If public spend (by Centre/states/PSUs) is not scaled up, GDP might shrink not just this fiscal but even in the second and third quarters of FY22 once the favourable base effect wanes. He believes private investments would recover at a much slower pace than consumption, as there is still huge idle capacity.

The fiscal impact of the measures announced so far by India make for just about 2% of GDP (about Rs 4 lakh crore) if all things go as planned, lower than the average of about 2.5% of GDP for similar-rated peers. Also, expenditure control measures being enforced are leading to considerable savings (an estimated Rs 4 lakh crore in April-December alone). It has been a massive expenditure rejig, rather than a big fiscal expansion.

The stock market boom, meanwhile, is triggered by the abundance of liquidity injection globally when the asset base for investments in the real economy has barely expanded. If a clutch of IPOs are announced, the Indian stock market may self-correct, Sen said. He, however, cautioned against unscrupulous elements that tend to proliferate during this period to take advantage of the boom.
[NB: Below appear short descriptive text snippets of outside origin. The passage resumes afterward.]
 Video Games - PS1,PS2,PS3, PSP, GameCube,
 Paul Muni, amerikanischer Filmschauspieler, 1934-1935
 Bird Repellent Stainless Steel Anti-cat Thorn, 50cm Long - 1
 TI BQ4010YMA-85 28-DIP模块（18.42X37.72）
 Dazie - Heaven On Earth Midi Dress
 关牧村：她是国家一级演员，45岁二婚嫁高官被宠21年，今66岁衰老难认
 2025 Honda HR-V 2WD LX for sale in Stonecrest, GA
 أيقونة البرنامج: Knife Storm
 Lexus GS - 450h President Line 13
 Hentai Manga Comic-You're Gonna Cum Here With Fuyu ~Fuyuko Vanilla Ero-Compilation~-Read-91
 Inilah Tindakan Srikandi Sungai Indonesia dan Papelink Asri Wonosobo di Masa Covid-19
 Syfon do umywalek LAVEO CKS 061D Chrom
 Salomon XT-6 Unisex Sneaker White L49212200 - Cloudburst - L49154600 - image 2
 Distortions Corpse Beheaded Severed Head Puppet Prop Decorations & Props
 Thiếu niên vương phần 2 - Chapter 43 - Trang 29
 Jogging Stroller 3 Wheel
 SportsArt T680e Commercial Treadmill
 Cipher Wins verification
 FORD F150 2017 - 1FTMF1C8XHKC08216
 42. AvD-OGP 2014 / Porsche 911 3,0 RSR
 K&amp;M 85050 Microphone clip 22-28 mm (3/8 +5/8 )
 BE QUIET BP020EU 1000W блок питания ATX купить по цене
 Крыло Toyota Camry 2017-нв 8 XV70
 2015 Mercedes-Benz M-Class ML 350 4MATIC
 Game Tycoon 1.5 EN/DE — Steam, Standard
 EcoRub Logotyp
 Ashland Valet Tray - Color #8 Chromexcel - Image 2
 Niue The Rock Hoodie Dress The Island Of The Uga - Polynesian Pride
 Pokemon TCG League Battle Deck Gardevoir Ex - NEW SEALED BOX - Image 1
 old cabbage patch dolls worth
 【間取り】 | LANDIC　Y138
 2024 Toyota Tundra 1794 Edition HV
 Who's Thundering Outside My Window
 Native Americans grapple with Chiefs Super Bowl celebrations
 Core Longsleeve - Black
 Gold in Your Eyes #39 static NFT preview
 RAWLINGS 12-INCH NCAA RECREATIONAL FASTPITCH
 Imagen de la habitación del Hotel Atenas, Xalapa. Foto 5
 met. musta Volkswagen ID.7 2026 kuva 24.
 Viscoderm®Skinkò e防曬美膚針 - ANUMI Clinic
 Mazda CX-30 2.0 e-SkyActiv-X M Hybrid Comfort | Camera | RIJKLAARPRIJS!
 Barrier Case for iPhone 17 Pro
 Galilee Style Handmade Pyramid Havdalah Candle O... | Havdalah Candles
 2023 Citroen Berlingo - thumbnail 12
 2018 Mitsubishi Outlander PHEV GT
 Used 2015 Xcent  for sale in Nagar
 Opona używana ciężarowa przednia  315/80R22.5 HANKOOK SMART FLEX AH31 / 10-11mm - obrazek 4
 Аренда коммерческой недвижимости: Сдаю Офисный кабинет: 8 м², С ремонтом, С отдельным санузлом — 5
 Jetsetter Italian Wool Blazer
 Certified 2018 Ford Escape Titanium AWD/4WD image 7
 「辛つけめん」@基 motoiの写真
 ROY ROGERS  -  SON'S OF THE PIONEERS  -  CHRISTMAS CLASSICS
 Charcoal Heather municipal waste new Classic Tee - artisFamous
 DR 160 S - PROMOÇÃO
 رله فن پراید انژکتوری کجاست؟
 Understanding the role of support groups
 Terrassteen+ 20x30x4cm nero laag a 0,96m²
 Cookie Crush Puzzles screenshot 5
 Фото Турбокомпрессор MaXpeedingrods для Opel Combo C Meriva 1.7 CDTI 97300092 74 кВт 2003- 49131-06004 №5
Sen called for a more holistic reading of the perceived resurgence of rural India, which partly made up for the crisis in urban areas. Rural areas of only 6-7 states that rely less on remittances and have seen bumper rabi harvest are probably recording good FMCG or consumer durables sales; sales in the rest, mainly those that have seen a return of migrants, may still be faltering.

The surge in retail inflation while wholesale price inflation remains well within the comfort zone has brought to the fore the role traders play in the supply chain, Sen said. CPI inflation hit a 77-month peak of 7.61% in October and has remained above the Monetary Policy Committee’s tolerance band of 4 (+/-2)% for 10 of the past 11 months. However, wholesale price inflation has remained below 2% in recent months.

Sen feels while the MSME sector has proved its resilience in the past, it may take at least 1-2 years to return to normalcy this time around.